Store the player's last known position when the NPC loses line of sight. Instead of immediately giving up, have the NPC continue moving toward the last known position. When it arrives and still cannot see the player, transition to a "search" or "return" state. This creates the realistic behavior of an NPC investigating where the player was last seen rather than instantly losing interest when the player ducks behind cover.

Attack behavior activates when the player is within the NPC's attack range. For melee combat, check the distance to the player against a range value (typically 1.5 to 3 meters). When in range, play the attack animation and apply damage at a specific frame in the animation using animation events. Add a cooldown timer between attacks so the NPC does not strike every frame, which both looks natural and gives the player time to react.

For ranged NPCs, the attack state involves aiming at the player and spawning projectile entities. Create the projectile as a template entity with a rigidbody, collision shape, and movement script. Instantiate it at the NPC's weapon position, set its velocity toward the player (with optional leading for moving targets), and let the physics system handle the rest. Alternatively, use raycasting for instant-hit ranged attacks, checking line of sight and applying damage immediately on the ray hit.

Flee behavior reverses the chase logic. Calculate the direction away from the player and move in that direction. NPCs might flee when their health drops below a threshold, when they are outnumbered, or when a specific game event triggers retreat. Add pathfinding awareness to flee behavior so the NPC runs toward cover or allies rather than blindly away from the player into a dead end.

Coordinate Multiple NPCs

Individual NPC intelligence becomes more convincing when multiple NPCs coordinate.

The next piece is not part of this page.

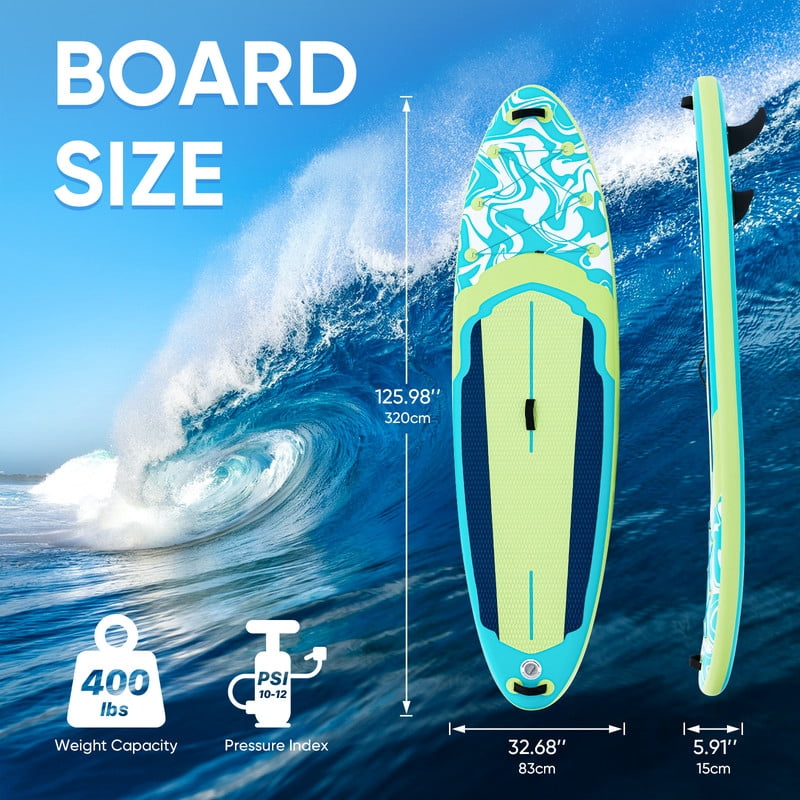 TINKLE WELL 10'5" Inflatable St& Up Paddle Board (SUP) Kit, Wide Stable Design w/ Non-Slip Deck & Adjustable Paddle for Youth & Adults，Green & Blue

A manager script, attached to an empty "AI Manager" entity, maintains a shared state that all NPCs can read. This shared state might include the player's last known position, an alert level for the area, a list of active NPCs and their current states, and communication events that propagate information between NPCs.

When one NPC spots the player, it fires an event through the AI manager. Other NPCs within communication range receive this event and update their own awareness, transitioning from patrol to alert or chase without individually spotting the player themselves. This creates the effect of NPCs calling out to each other and coordinating a response, which feels much more intelligent than each NPC operating in isolation.

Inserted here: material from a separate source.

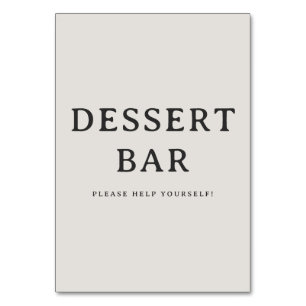 Willkommens-Schild für Dessertbar im dezenten Seri Tischnummer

Flanking behavior uses the manager to prevent all NPCs from running directly at the player from the same angle. The manager assigns approach angles to each pursuing NPC, spreading them around the player's position. One NPC approaches from the front while others circle to the sides or behind. Implement this by offsetting each NPC's target position from the player by a direction vector rotated by their assigned angle.

Group formation is useful for patrolling squads. The manager defines formation positions relative to a leader entity, and follower NPCs maintain their formation offset while the leader follows the patrol route. When combat starts, the formation breaks and NPCs switch to individual combat behaviors. When combat ends, they reform around the leader and resume patrol.

Limit the number of NPCs that actively engage the player simultaneously. In many games, having more than 3 to 4 melee attackers surrounding the player at once feels unfair and visually cluttered. The manager can queue NPCs for engagement, letting some circle at medium range while waiting for their turn to attack. This creates natural-looking combat where NPCs take turns rather than all piling on at once.